Las Vegas Raiders Continue Long Legacy Of Diversity With All-Black Leadership Group

Las Vegas Raiders Continue Long Legacy Of Diversity With All-Black Leadership Group

The Las Vegas Raiders have continued their legacy of diversity in their ranks becoming the first team with an all-Black leadership group


The Las Vegas Raiders have become the standard of diversity in the NFL, becoming the first team to sport an all-Black leadership group, USA Today reports.

The Raiders interim head coach Antonio Pierce, team president Sandra Douglass Morgan, and general manager Champ Kelly have made history as the league’s first group of African Americans to run an NFL franchise.

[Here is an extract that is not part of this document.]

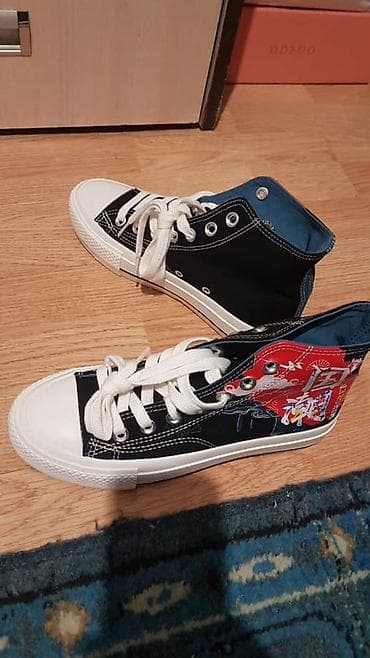 Продаю кеды новые, размер 38 Заказывали себе, не подошел размер Цена — 2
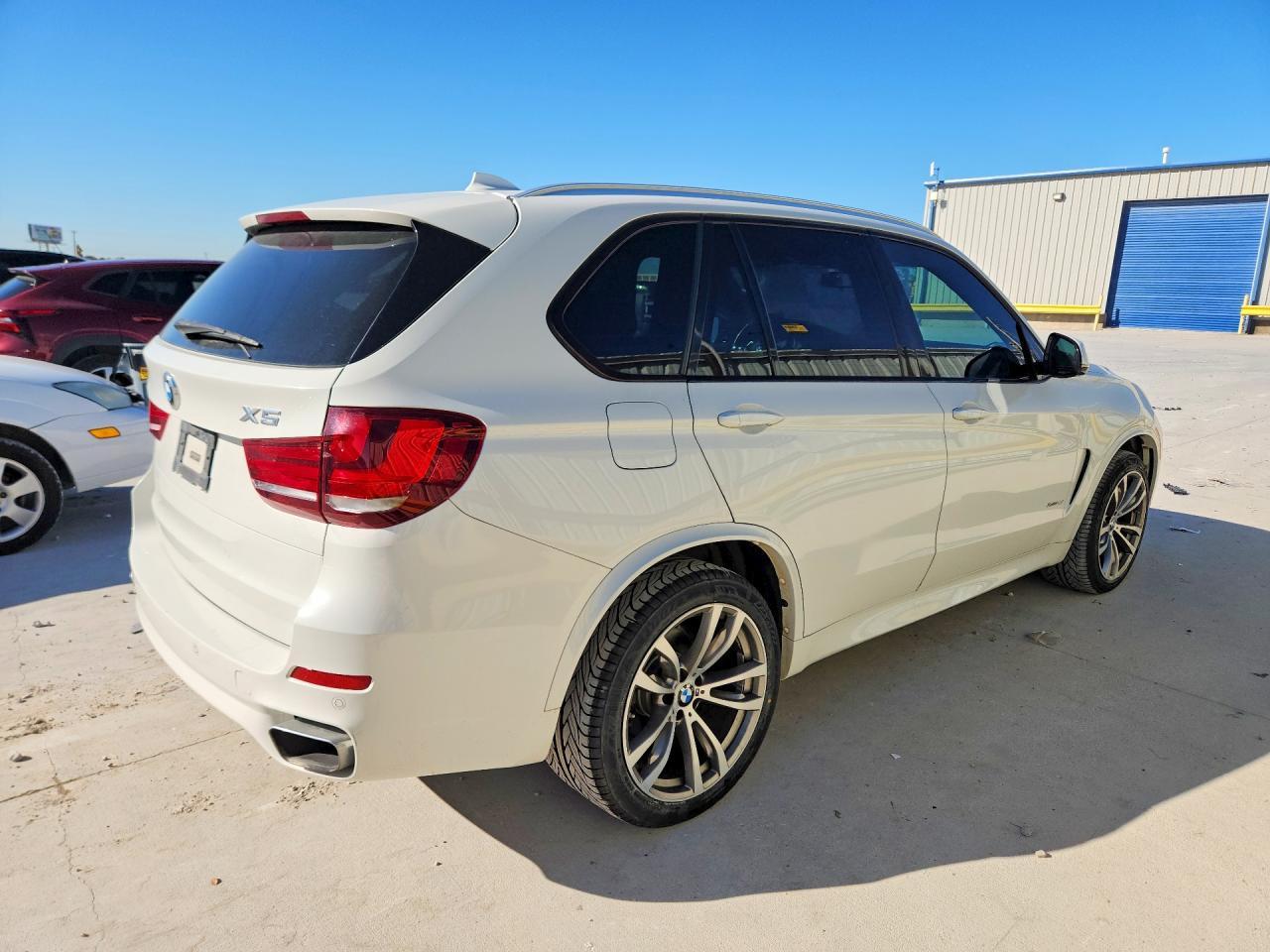 2016 BMW X5 xDrive35I - zdjęcie 3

Pierce took over as head coach two weeks ago after former coach Josh McDaniels was fired on Nov. 1. The former linebacker brought new energy to the team and its players, leading the Silver and Black to two straight wins since he took the reins. The Raiders defeated the New York Giants, whom Pierce played for from 2005 to 2009, and the New York Jets.

Kelly was promoted to general manager the same day Pierce was promoted to interim head coach. He previously served as the assistant GM to Dave Ziegler, who was fired along with McDaniels. Douglass Morgan, the longest-tenured member of the group, was hired as team president on July 7, 2022. Her hiring made her the first Black woman to be named team president in NFL history. She is also the third Black person and the third woman to hold the title of team president.

The Raiders are 5-5, good enough for second place in the AFC West. However, it’s been 20 years since their last Super Bowl appearance and 21 years since winning the AFC West division. The new leadership of Pierce, Morgan, and Kelly will try to end those streaks.

The Raiders have committed to diversity in its front office for more than four decades. Former head coach Tom Flores, who led the Raiders to two Super Bowl titles in 1980 and 1983, is the first Mexican-American head coach in the NFL and the first to win a Super Bowl.

Another former Raiders coach, Art Shell, became the first African American coach to lead the team to a Conference Championship game in 1990 when he led the Raiders to a 12-4 record and won the NFL Coach Of The Year Award. Raiders’ late owner, Al Davis, fired Shell in 1994, which he later admitted was a mistake. Davis hired Shell to coach the Raiders again in 2006.

The Raiders are also a beacon of diversity when it comes to women. Davis made Amy Trask the NFL’s first female CEO in 1997. Trask, who started in the Raiders’ legal department in 1987, held the CEO role with the team until 2013.